Pour le jeune homme, ce fut une période difficile à vivre. Bon élève dans son pays, mais ne parlant pas un mot de français, il avait dû abandonner ses études. Tout lui manquait : ses amis, ses camarades, les paysages ensoleillés, les longues promenades à travers champs, les parties de pêche avec son grand-père…
Et puis, peu à peu, il s’était adapté à sa nouvelle vie. Quelques années plus tard, lors de vacances à Setúbal, il avait rencontré une jeune Portugaise. Ils s’étaient mariés l'année suivante et avaient eu deux filles.
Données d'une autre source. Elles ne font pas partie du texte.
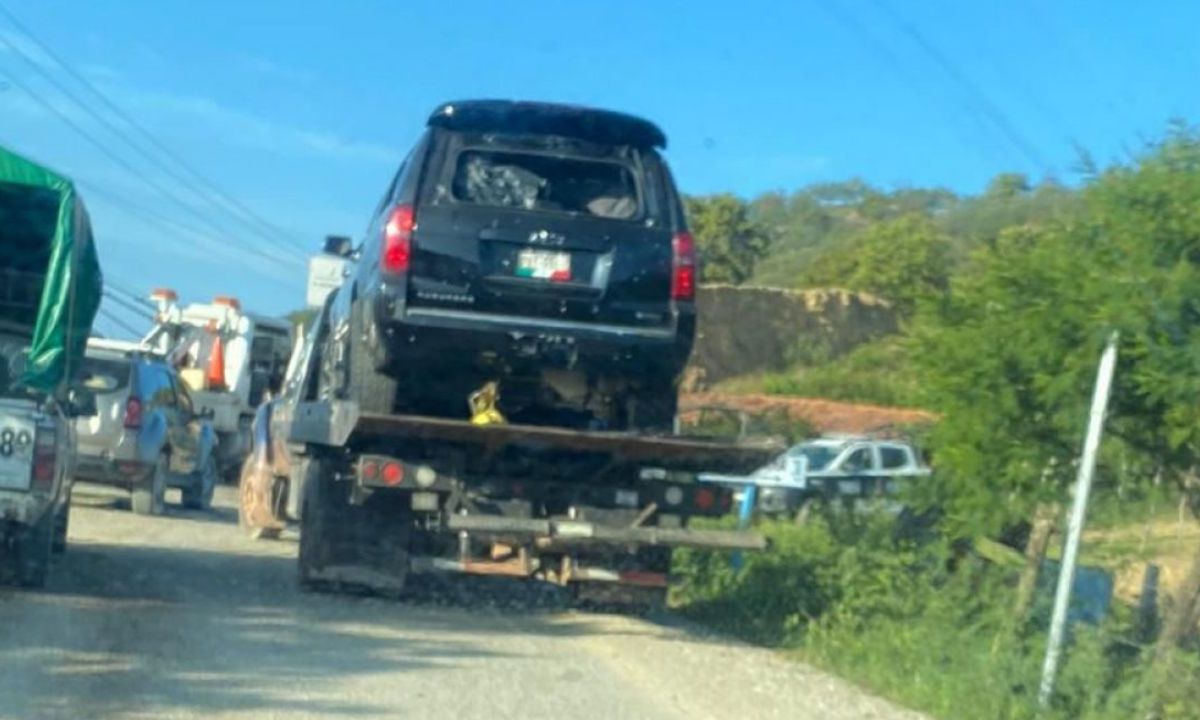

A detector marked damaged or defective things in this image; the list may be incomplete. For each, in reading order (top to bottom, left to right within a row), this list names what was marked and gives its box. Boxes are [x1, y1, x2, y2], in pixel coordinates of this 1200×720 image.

shattered rear window [451, 148, 643, 219] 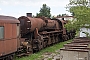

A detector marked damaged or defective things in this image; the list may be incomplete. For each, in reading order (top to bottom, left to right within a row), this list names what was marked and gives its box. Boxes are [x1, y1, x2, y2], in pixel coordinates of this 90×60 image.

rusty steam locomotive [0, 13, 75, 59] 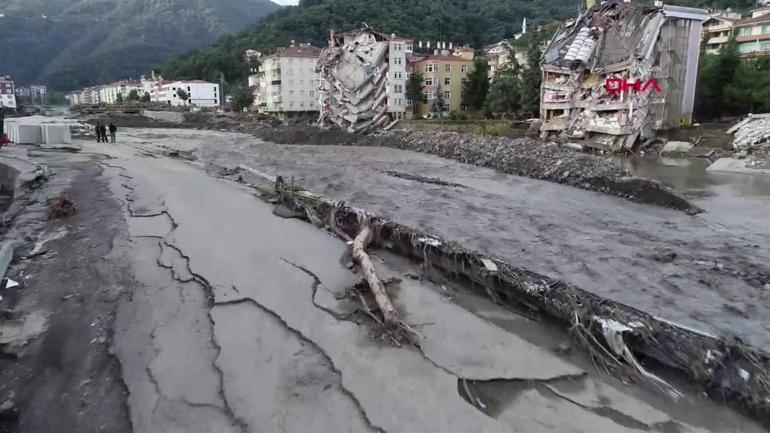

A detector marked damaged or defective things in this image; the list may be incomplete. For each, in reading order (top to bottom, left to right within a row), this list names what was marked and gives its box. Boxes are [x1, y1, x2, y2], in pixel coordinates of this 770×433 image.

damaged multi-story building [316, 28, 412, 132]
damaged multi-story building [536, 0, 704, 151]
cracked asphalt [1, 125, 760, 432]
crack in pavement [213, 296, 384, 432] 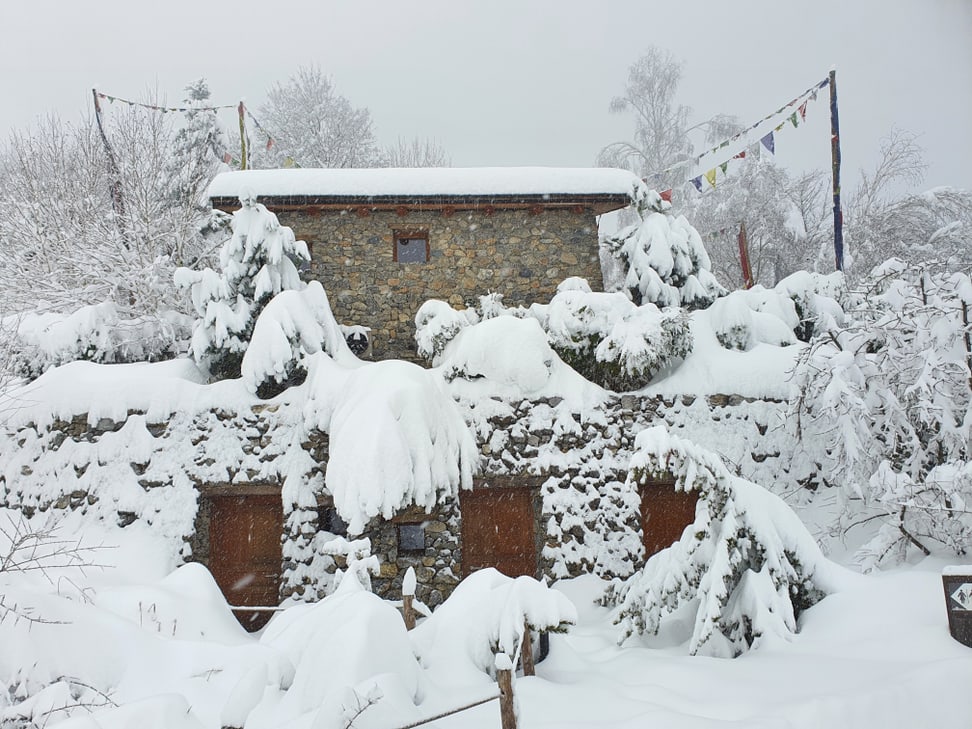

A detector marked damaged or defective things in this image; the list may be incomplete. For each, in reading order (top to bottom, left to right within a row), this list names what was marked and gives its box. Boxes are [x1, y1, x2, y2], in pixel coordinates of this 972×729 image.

rusty metal door [207, 494, 280, 632]
rusty metal door [460, 486, 536, 576]
rusty metal door [640, 484, 696, 556] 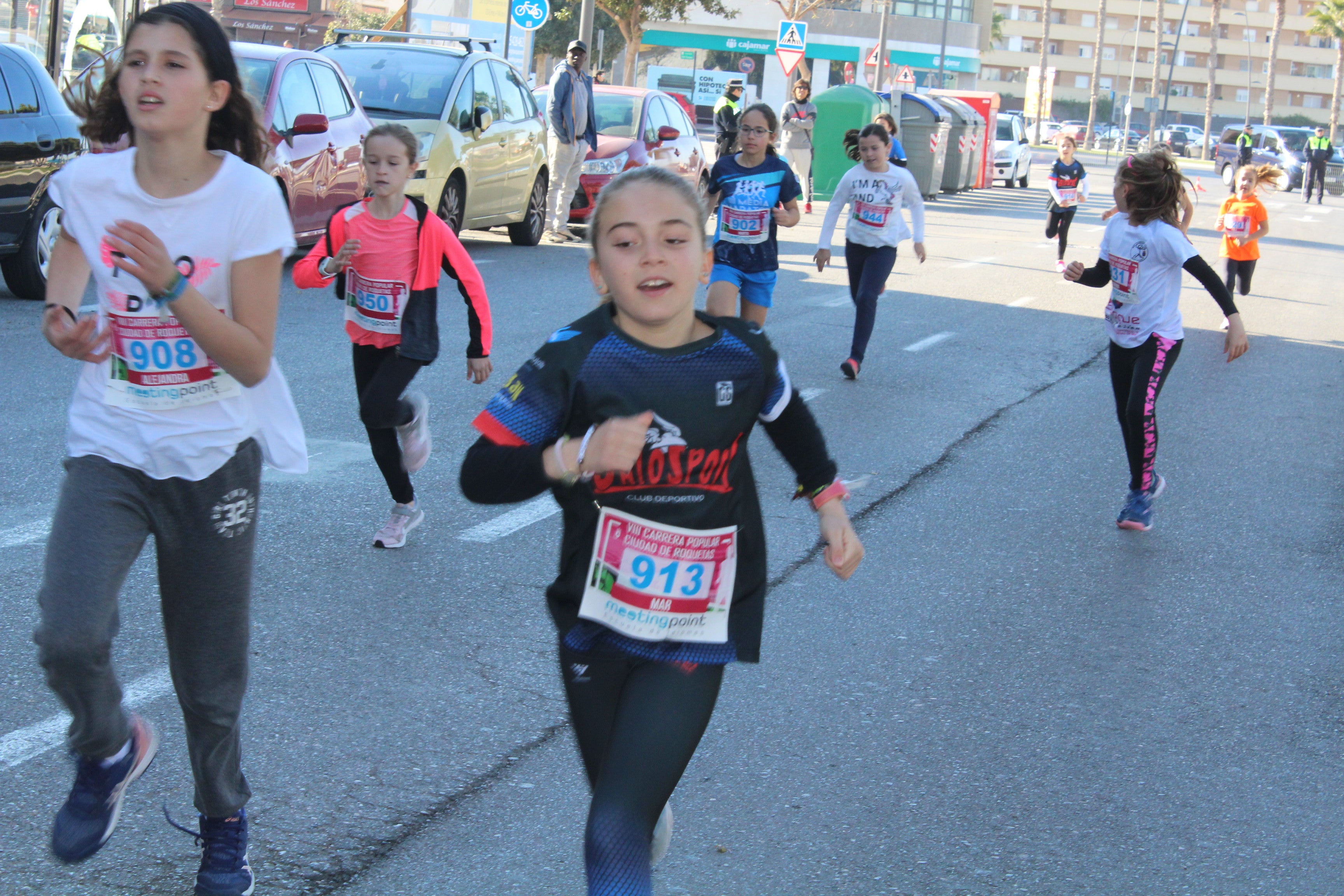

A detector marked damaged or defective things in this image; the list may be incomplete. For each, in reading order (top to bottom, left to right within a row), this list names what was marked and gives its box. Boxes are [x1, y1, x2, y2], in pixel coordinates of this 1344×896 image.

crack in asphalt [305, 341, 1113, 892] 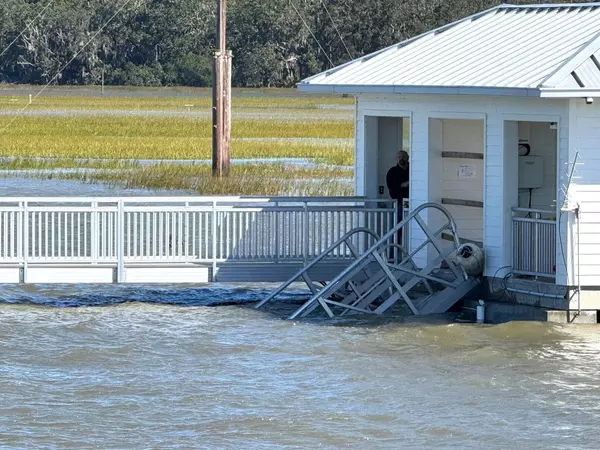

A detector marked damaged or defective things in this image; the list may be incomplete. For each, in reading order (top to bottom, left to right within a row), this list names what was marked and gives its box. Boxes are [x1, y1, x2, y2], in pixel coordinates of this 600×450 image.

bent metal railing [0, 198, 398, 282]
bent metal railing [510, 207, 556, 278] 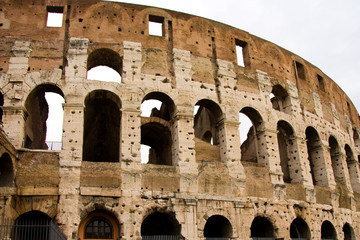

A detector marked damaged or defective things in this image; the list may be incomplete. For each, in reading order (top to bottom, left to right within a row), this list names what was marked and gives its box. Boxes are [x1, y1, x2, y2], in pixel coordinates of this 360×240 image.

missing facade section [46, 5, 63, 27]
missing facade section [148, 14, 164, 36] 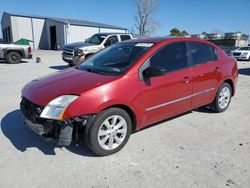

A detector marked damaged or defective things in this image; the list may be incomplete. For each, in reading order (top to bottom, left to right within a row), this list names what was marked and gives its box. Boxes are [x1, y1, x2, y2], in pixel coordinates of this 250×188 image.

Depuis six mois, Eduardo goûtait enfin les joies de la retraite. Quarante-quatre années de travail en usine l'avaient épuisé. Il ne comprenait pas ces écrivains qui chantent la beauté de l'acier rouge qui  fond. Lui, ce qu'il retenait des hauts-fourneaux, c'était d'abord la chaleur si difficile à supporter.

Le lundi après-midi, il a enfourché son vélo. Vers 16 heures, sur une petite route du Nord, l’inconscience d’un chauffard a brisé son rêve.
Eduardo a été renversé par une voiture ; selon un témoin, celle-ci roulait très vite. L'automobiliste ne s’est pas arrêté. 
Quand elle est arrivée à l'hôpital pour voir Eduardo, sa femme a appris qu'il venait de mourir quelques minutes plus tôt.